A well-architected modern app running on AWS can experience four types of errors during mission-critical scale-out events leading to an outage or application incident. These include:
Service Availability errors, where a particular AWS service (For example, EC2) may be unavailable.
Throttling errors, where AWS rate-limits API traffic from the customer’s application for a given service and API. (For example, PutItem requests for AWS DynamoDB.)
Account Quota errors, where a customer may saturate account limits for a particular service and resource. (For example, exceeding the 100 buckets per account limit of AWS S3.)
Insufficient capacity/out-of-stock errors where AWS is unable to provide resources of a particular size in a given region, such as EC2 m4.xlarge instances in us-west-1.
By comparing a given customer’s AWS error rate against other customers by AWS region, service, API, AWS account, and instance types, Global Intelligence for AWS CloudTrail DevOps, helps identify if such errors might be the probable cause of an incident.

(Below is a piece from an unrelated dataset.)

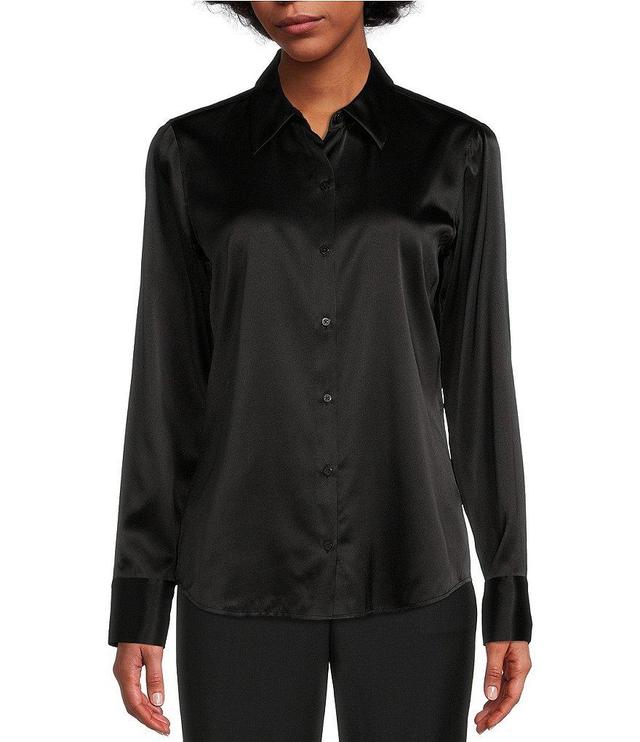 Antonio Melani Yana Button Front Point Collar Long Sleeve Stretch Silk Charmeuse Blouse Product Image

In addition, the app provides configuration guidance for key AWS services based on settings common among other customers.
- Configuration guidance includes memory and concurrency settings for AWS Lambda, provisioned IOPS for DynamoDB, and min/max sizes of EC2 Auto Scaling groups.
- For throttling-related root causes for some services like AWS Lambda and AWS DynamoDB, such guidance can help users right-size their apps based on common configuration settings.
- An action plan helps users focus their attention on specific microservices in particular AWS accounts that might be experiencing errors.
Global Intelligence for CloudTrail DevOps App uses AWS CloudTrail logs.